Kovrigin, a native of Ozersk, a small town in Chelyabinsk region, was many things – a coach, a grandfather and a teacher – but he was also the man who brought American football to the Soviet Union.
Alexander served as a marine in the Soviet army in the late 1970s. The commander of his squad who previously guarded intelligence officer Rudolph Abel knew the basic rules of American football and organized his assigned soldiers to play it as a hobby.
As the legend goes, the Soviet marines even showed off their skills to their American counterparts during the crisis of 1978. The only obstacle was — the Soviets didn’t have a proper football, so they used a rugby ball instead.
After discharge from the military, Kovrigin returned home and taught rugby to local kids. Only in 1987, when Perestroika had already started and the United States had become something different than just an enemy to the local press, he had this idea to create the first American football team in the USSR.
December 15th, 1987 is basically the date American football was born in the USSR. That’s when a group of 14-16 year old boys from Chelyabinsk-65 (previous name of Ozersk) had their first football practice in a local school — with no proper equipment and on the wooden floor of school gymnasium.
The idea caught on with local boys. They used hockey pads and motorcycle helmets with manually attached masks. A team from an Oklahoma school that had visited the Soviet Union in the late 80s, took some of it to their museum — players were amazed by the handmade equipment.
In 1988, Kovrigin told the Soviet Rugby Federation that he managed to create an American football team. And eventually they played the very first football game — Kovrigin’s team “Federals” versus a rugby team, the “Fili” from Moscow. Rugby players were much better athletes but had no clue about the rules (their first impression was — games are basically the same so we’ll win anyway) and forfeited after three touchdowns.
That game brought attention to the new game and helped Kovrigin to officially register his team in the Rugby Federation as the first ever American football team in the USSR.
New teams started to appear — in Siberia, in Kharkiv and of course in Moscow. Athletes from different sports tried this new exotic game and that’s how the first Soviet superclub, the Moscow Bears, came along.
Kovrigin didn’t tie his whole life with football. In 1993, he moved to Vilnius and his team couldn’t hit next level without money coming in. But the sports grew in other cities even after the collapse of the Soviet Union. The biggest accomplishment of American football in Russia was winning the Junior European Championship in 2002.

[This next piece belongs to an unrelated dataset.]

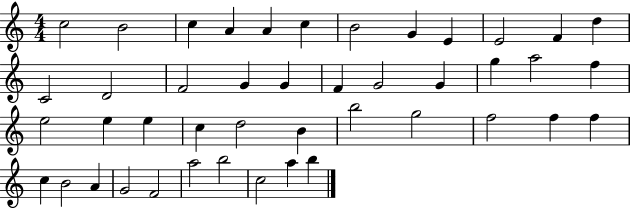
C5/h B4/h C5/q A4/q A4/q C5/q B4/h G4/q E4/q E4/h F4/q D5/q C4/h D4/h F4/h G4/q G4/q F4/q G4/h G4/q G5/q A5/h F5/q E5/h E5/q E5/q C5/q D5/h B4/q B5/h G5/h F5/h F5/q F5/q C5/q B4/h A4/q G4/h F4/h A5/h B5/h C5/h A5/q B5/q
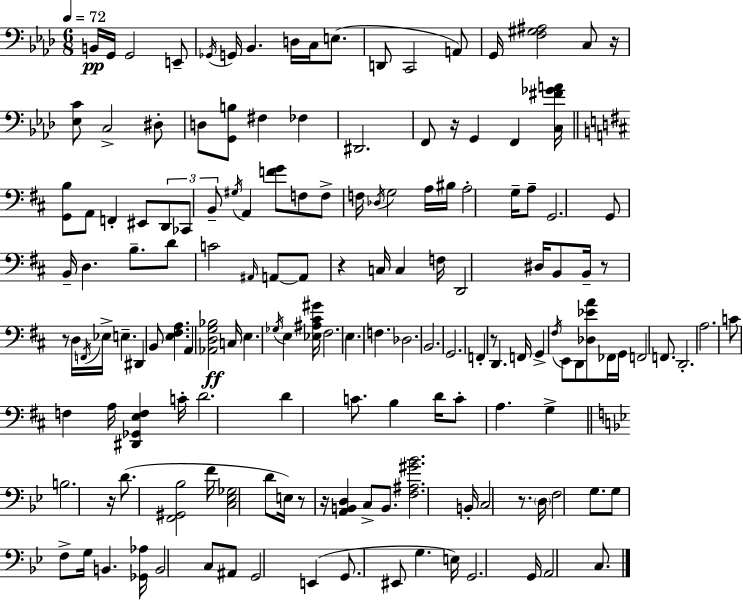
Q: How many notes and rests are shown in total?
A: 156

But even if Kovrigin and the game parted ways, he will always be known as the father of American football in the USSR.
It’s ironic that the most American game in the world came to their enemies at the time through a closed Siberian military city. And in the 1990s, this game was used to bring two nations together.
Rest in peace, Alexander Kovrigin. The whole football community of Russia and nearby countries will miss and remember you.